→ Task instructions
Full transcription, minus images: write out the listing below exactly as it appears.

→ Given information
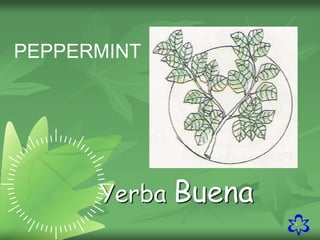 40
PEPPERMINT
Yerba Buena
 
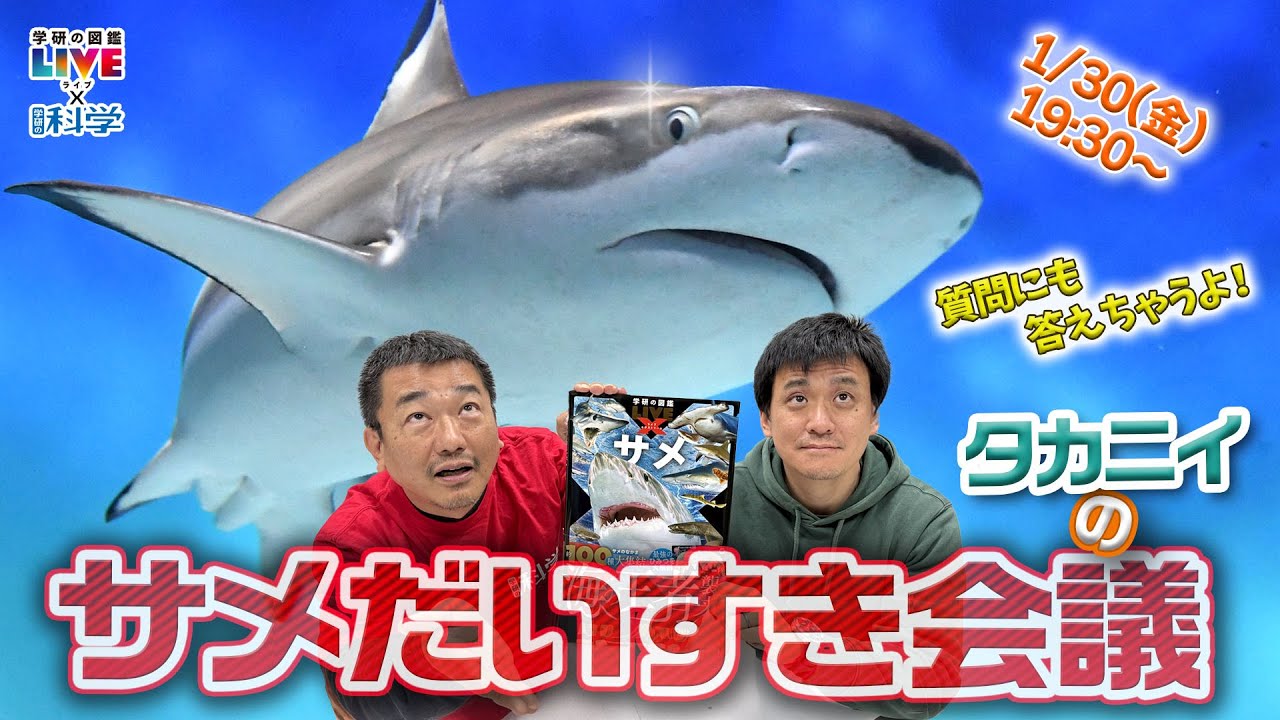【ライブ配信】タカニイのサメだいすき会議　学研の図鑑LIVEエクストリーム「サメ」🦈かかってこい、こっちも本気だ‼️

→ Solution for this exercise
 40
PEPPERMINT
Yerba Buena
 
【ライブ配信】タカニイのサメだいすき会議　学研の図鑑LIVEエクストリーム「サメ」🦈かかってこい、こっちも本気だ‼️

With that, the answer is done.